Artifacts of a long-lost region may lurk beneath the Indian Ocean.
Tiny zircon crystals coughed up by volcanic eruptions on the island of Mauritius are about 2. 5 million to three billion years old. That's huge amounts of years older than the island itself, researchers report January 31 in Nature Sales and marketing communications. The zircons, the research workers propose, are remnants of an ancient continent called Mauritia that formed part of the nexus of Madagascar and India prior to the two landmasses split aside around 84 million years back (SN: 1/21/17, p. 18).

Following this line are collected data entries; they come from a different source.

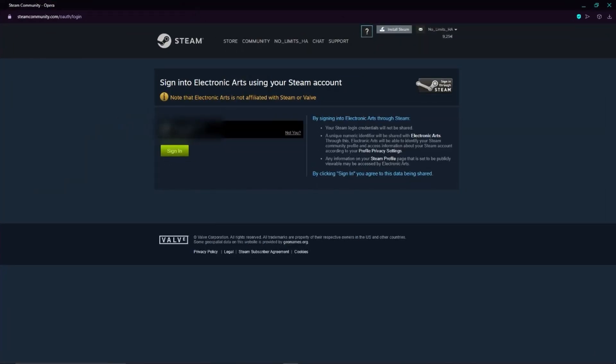And here I can already see my Steam account and I just have to click on sign in because I have already linked my Steam account with my Origin account. But if you guys didn't do that yet, then you just have to type in your username, your password, and so on.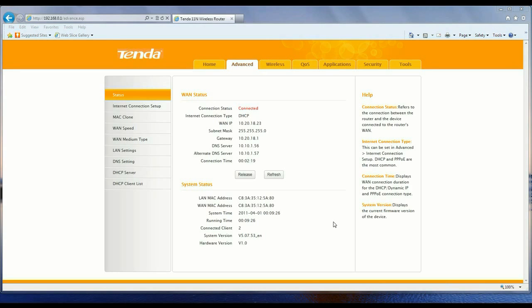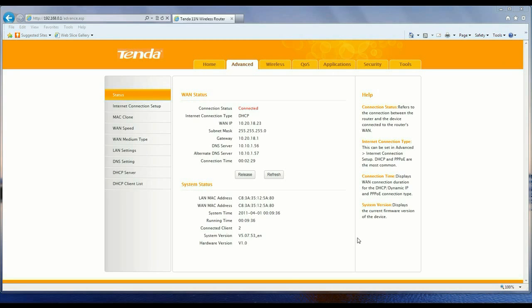You might want to do this if you're on Tenda's website and you see there's a new version of the firmware and you want to compare to see if you have the latest or not. This is where you would go to get that information. This is the firmware version.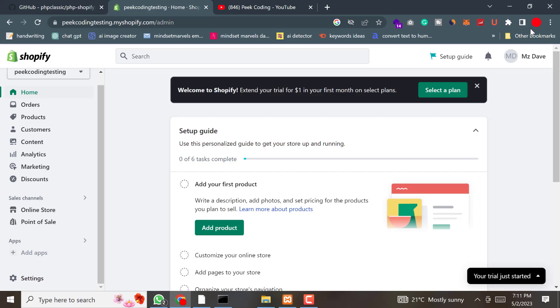The first step is to obtain the Shopify API credentials. Before we start working with the Shopify API, we need to obtain Shopify API credentials from the Shopify dashboard. Let's see how we can obtain the details.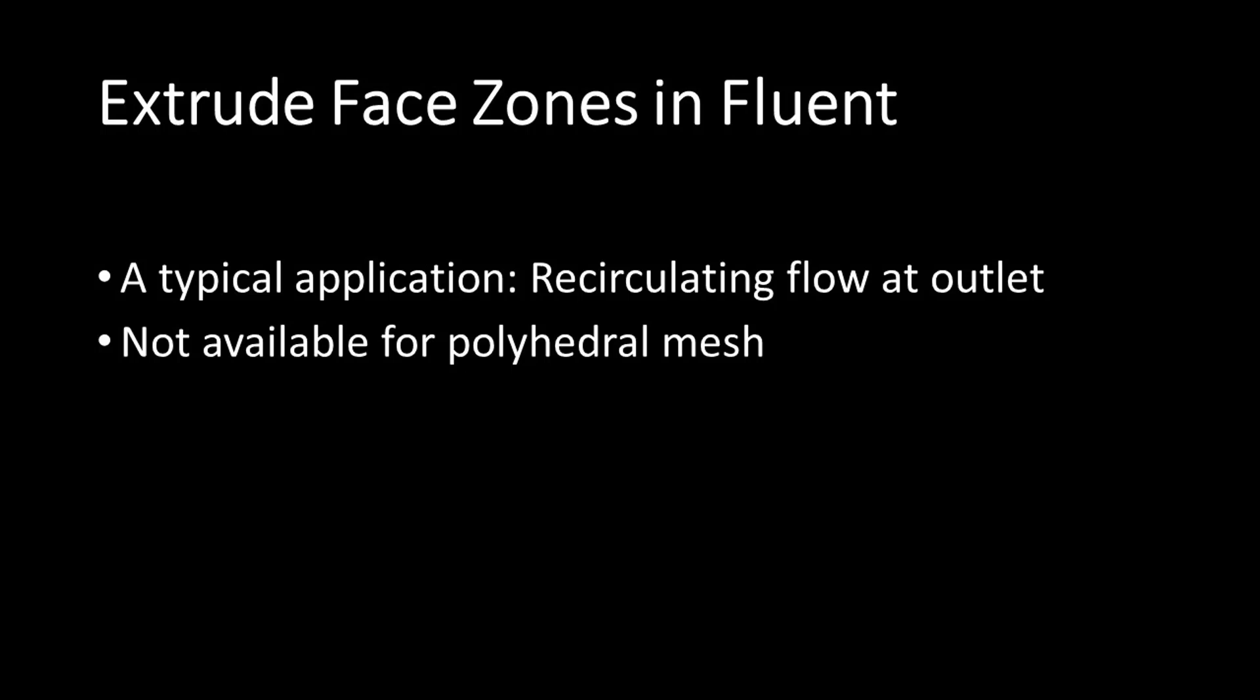Hello, in this short video I want to show you how to extrude a boundary face zone in Fluent to extend the solution domain without having to exit Fluent. A typical application of this is to extend the solution domain when recirculating flow is impinging on a flow outlet. Note that if you have a polyhedral mesh, this capability cannot be used.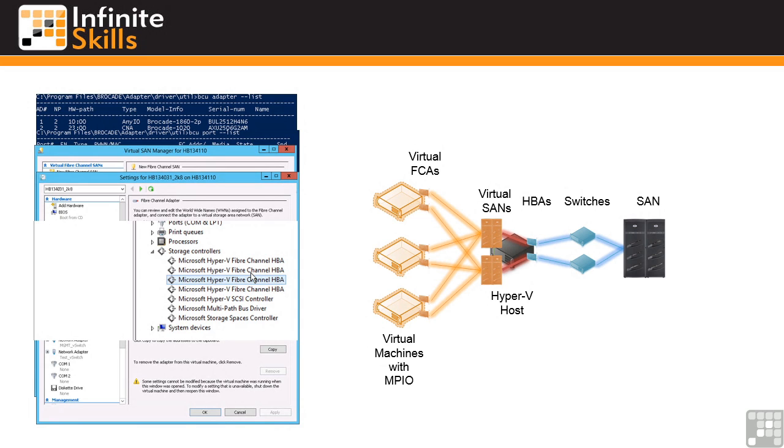Typically we do want to be using virtual hard drives but we cannot share a VHD between multiple virtual machines. So if you wanted to perform some kind of guest clustering and those guests required shared storage then you would use iSCSI or you would use this new virtual Fibre Channel capability.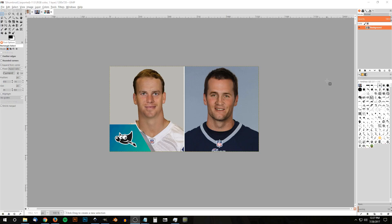This is Nick with logosbynick.com and in today's tutorial I'll be demonstrating how you can perform a face swap between two different people using GIMP. There'll be a few things you'll have to keep in mind when selecting the images — this effect won't work on any image. You have to select two images where both people are facing the same direction. They don't necessarily have to be forward-facing; they could be facing the side or at some angle, just as long as both subjects are facing the same direction, otherwise it's not going to look right.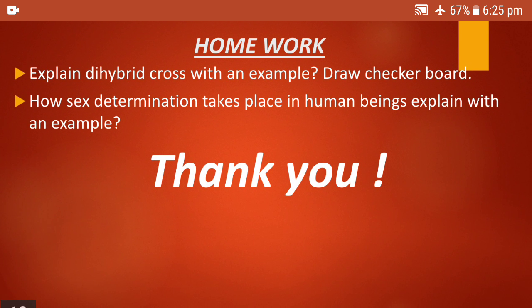Homework for today: explain dihybrid cross with an example and draw the checkerboard, writing all points from the PDF. Second question: how does sex determination take place in human beings — explain with an example. All three questions — monohybrid cross, dihybrid cross, and sex determination in human beings — are very important; kindly learn them properly. Hope you understood the concept, thank you very much for watching this video.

Comparing the crystals' age ranges with those of local landmasses, petrologist Lewis Ashwal of the University of the Witwatersrand, Johannesburg and colleagues retraced Mauritia's destiny. Volcanic eruptions and switching tectonic plates fragmented Mauritia, the researchers say, and the land was eventually buried under thick tiers of lava. Some of that land, including the zircon crystals, was reused into the rising penne of magma that supported the eruptions that eventually built Mauritius.
A small number of zircons dating back again practically 2 billion years had recently been uncovered in the island's sands. A lot of scientists raised concerns that those crystals were helped bring to the island from elsewhere as part of ship ballast or building material. Ashwal and acquaintances pried the newfound uric acid from rocky outcrops on the island, erasing any doubts of the zircons' origins.